Re: [PATCH v5 bpf-next 2/3] bpf: introduce helper bpf_get_branch_snapshot

From: Andrii Nakryiko
Date: Thu Sep 02 2021 - 19:05:55 EST


On Thu, Sep 2, 2021 at 4:03 PM Song Liu <songliubraving@xxxxxx> wrote:
>
>
>
> > On Sep 2, 2021, at 3:53 PM, Andrii Nakryiko <andrii.nakryiko@xxxxxxxxx> wrote:
> >
> > On Thu, Sep 2, 2021 at 9:58 AM Song Liu <songliubraving@xxxxxx> wrote:
> >>
> >> Introduce bpf_get_branch_snapshot(), which allows tracing pogram to get
> >> branch trace from hardware (e.g. Intel LBR). To use the feature, the
> >> user need to create perf_event with proper branch_record filtering
> >> on each cpu, and then calls bpf_get_branch_snapshot in the bpf function.
> >> On Intel CPUs, VLBR event (raw event 0x1b00) can be use for this.
> >>
> >> Signed-off-by: Song Liu <songliubraving@xxxxxx>
> >> ---
> >> include/uapi/linux/bpf.h | 22 ++++++++++++++++++++++
> >> kernel/bpf/trampoline.c | 3 ++-
> >> kernel/trace/bpf_trace.c | 33 +++++++++++++++++++++++++++++++++
> >> tools/include/uapi/linux/bpf.h | 22 ++++++++++++++++++++++
> >> 4 files changed, 79 insertions(+), 1 deletion(-)
> >>
> >> diff --git a/include/uapi/linux/bpf.h b/include/uapi/linux/bpf.h
> >> index 791f31dd0abee..c986e6fad5bc0 100644
> >> --- a/include/uapi/linux/bpf.h
> >> +++ b/include/uapi/linux/bpf.h
> >> @@ -4877,6 +4877,27 @@ union bpf_attr {
> >> * Get the struct pt_regs associated with **task**.
> >> * Return
> >> * A pointer to struct pt_regs.
> >> + *
> >> + * long bpf_get_branch_snapshot(void *entries, u32 size, u64 flags)
> >> + * Description
> >> + * Get branch trace from hardware engines like Intel LBR. The
> >> + * branch trace is taken soon after the trigger point of the
> >> + * BPF program, so it may contain some entries after the
> >
> > This part is a leftover from previous design, so not relevant anymore?
>
> Hmm.. This is still relevant, but not very accurate. I guess we should
> provide more information, like "For more information about branches before
> the trigger point, this should be called early in the BPF program".

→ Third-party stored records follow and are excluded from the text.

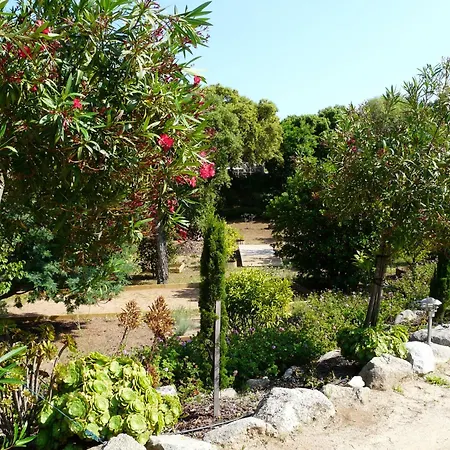 Classée 5* 7 Piscine à 5' *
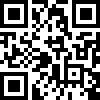 https://hawzahnews.com/x9PnG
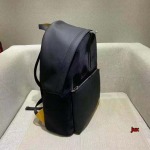 2024年3月19日早春新作入荷フェンディバックパック jux工場32x38x12cmcm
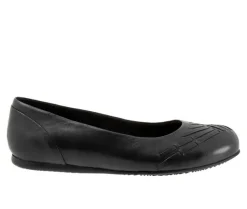 Flats>Softwalk Women's Sonoma Weave Flats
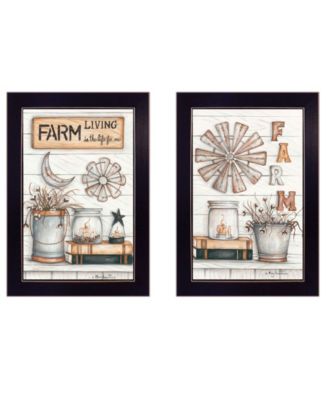 Trendy Décor 4U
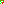 Destellos dst-4904134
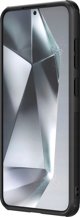 Θήκη Nillkin Super Frosted Shield Pro Magnetic Case για Samsung S25+ με MagSafe - μαύρο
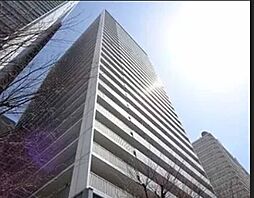 ローレルコート難波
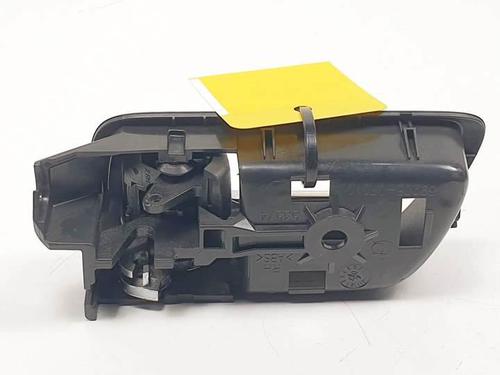  - Image 3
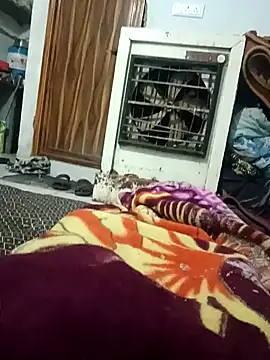 pintuS40 online show from 02-06-25, 11:48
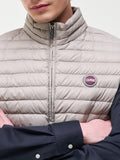 Colmar Smanicato Uomo 1248-8VX - Beige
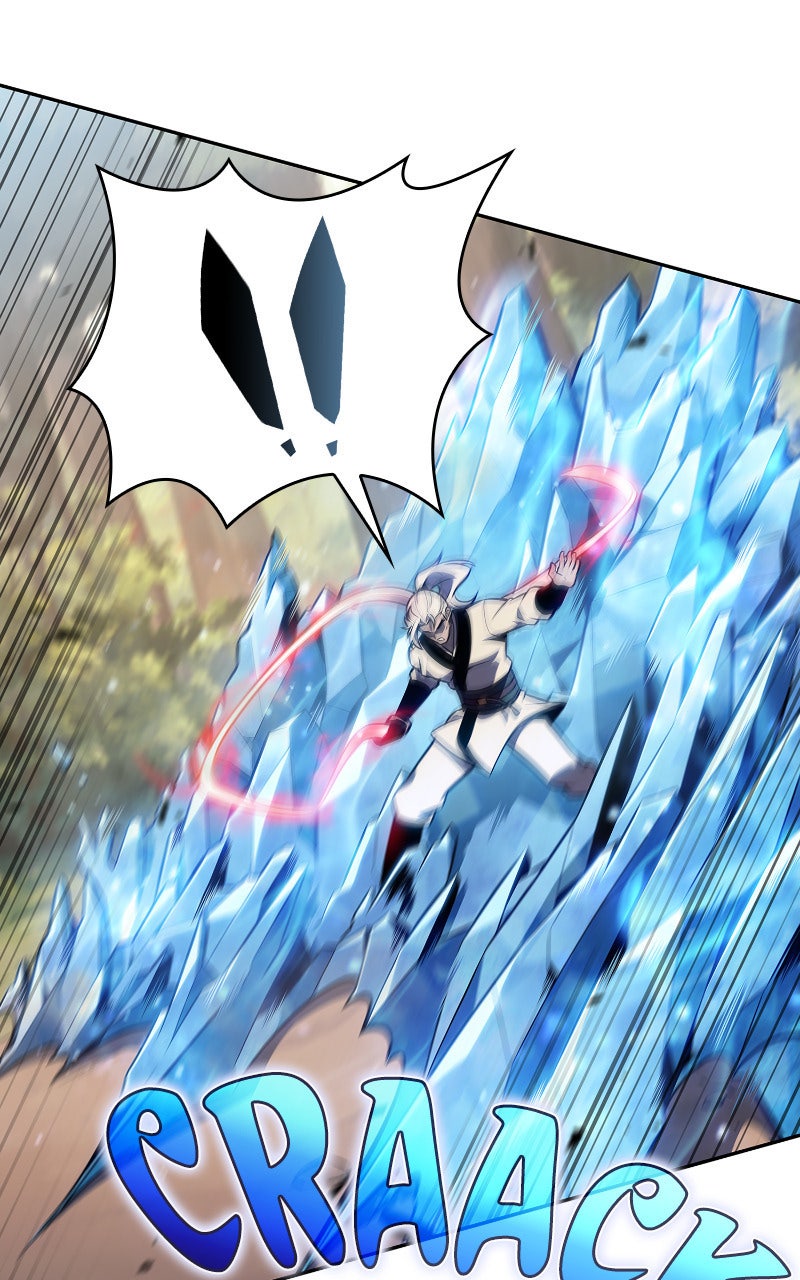 Read I'm the Max-Level Newbie FR Manga Online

I read the part about "taken soon after the trigger point of BPF
program" as a reference to previous implementation. So maybe let's
clarify that because LBR is not frozen, from the time
bpf_get_branch_snapshot() is called to when we actually capture LBRs
we can waste few records due to internal kernel calls, so the user has
to be aware of that.

>
> Song
>
>
> >
> >> + * trigger point. The user need to filter these entries
> >> + * accordingly.
> >> + *
> >> + * The data is stored as struct perf_branch_entry into output
> >> + * buffer *entries*. *size* is the size of *entries* in bytes.
> >> + * *flags* is reserved for now and must be zero.
> >> + *
> >> + * Return
> >> + * On success, number of bytes written to *buf*. On error, a
> >> + * negative value.
> >> + *
> >> + * **-EINVAL** if arguments invalid or **size** not a multiple
> >> + * of **sizeof**\ (**struct perf_branch_entry**\ ).
> >> + *
> >> + * **-ENOENT** if architecture does not support branch records.
> >
> > [...]
>